Des maladies habituellement observées chez les animaux domestiques, comme la maladie de Carré canine, ont été détectées pour la première fois en Uruguay chez des animaux sauvages, suscitant l’inquiétude quant à l’impact potentiel sur les écosystèmes locaux. L’organisation Socobiome alerte sur une gestion irresponsable des animaux de compagnie comme principal facteur de propagation.
L’étude, menée par la Société pour la conservation de la biodiversité de Maldonado (Socobiome) en collaboration avec la Faculté des Sciences de l’Université de la République et le Ministère de l’Élevage, révèle que des espèces terrestres et marines sont désormais exposées à des agents pathogènes d’origine domestique. Parmi les animaux affectés figurent des lions de mer, des léopards et des renards des montagnes. Des cas de parvovirus ont également été identifiés.
« Il ne s’agit pas d’un cas isolé, mais d’une tendance que nous observons de plus en plus fréquemment », explique Lourdes Casas, vétérinaire et représentante de Socobiome. Plusieurs animaux ont été admis au centre de Socobiome présentant des pathologies évitables, ce qui souligne un problème croissant lié à la propriété irresponsable des animaux domestiques.

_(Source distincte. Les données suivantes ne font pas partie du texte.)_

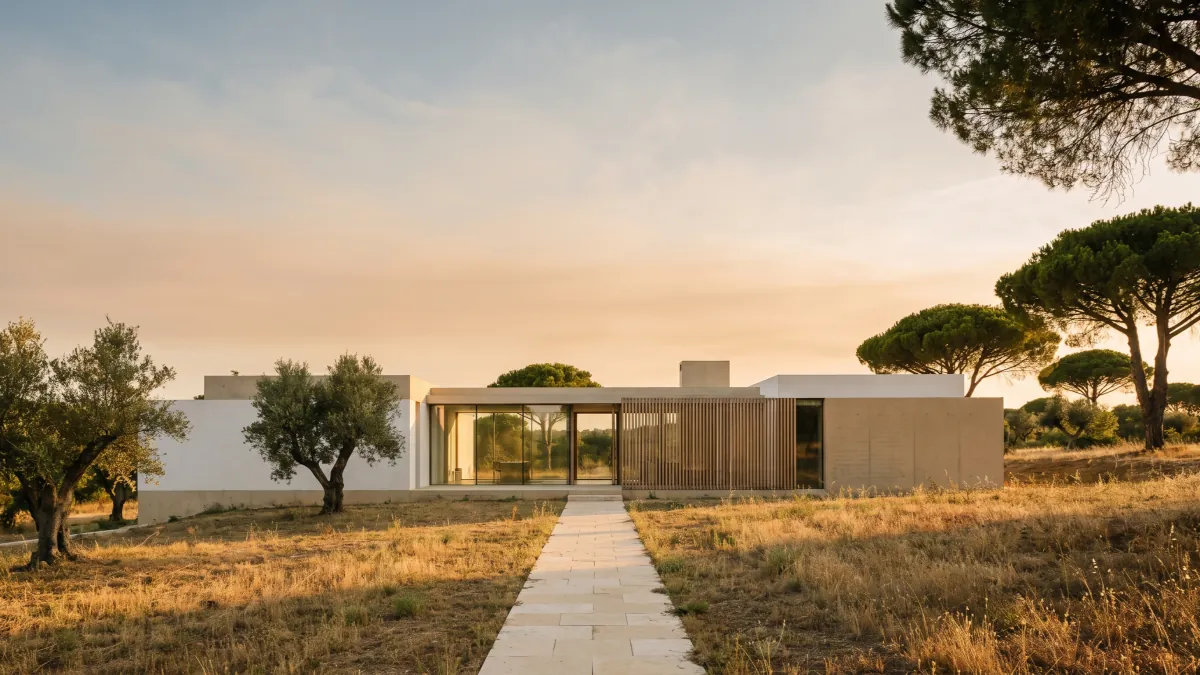 Moradia contemporânea minimalista em Portugal, entre oliveiras e pinheiros-mansos: o PIP confirma o que a câmara aceita construir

Les analyses génomiques confirment que les variants du virus détectés chez la faune sauvage sont génétiquement très similaires, voire identiques, à ceux circulant chez les chiens domestiques. « La faune sauvage est exposée à des agents pathogènes d’origine domestique », concluent les chercheurs.
La maladie de Carré, qui touche spécifiquement les canidés, est une source de préoccupation majeure. Elle peut se propager à d’autres carnivores tels que les renards, les mouffettes et les chats sauvages, entraînant des symptômes neurologiques graves, des contractions involontaires, une atrophie musculaire et finalement la mort. Un renard est décédé lundi des suites de cette maladie.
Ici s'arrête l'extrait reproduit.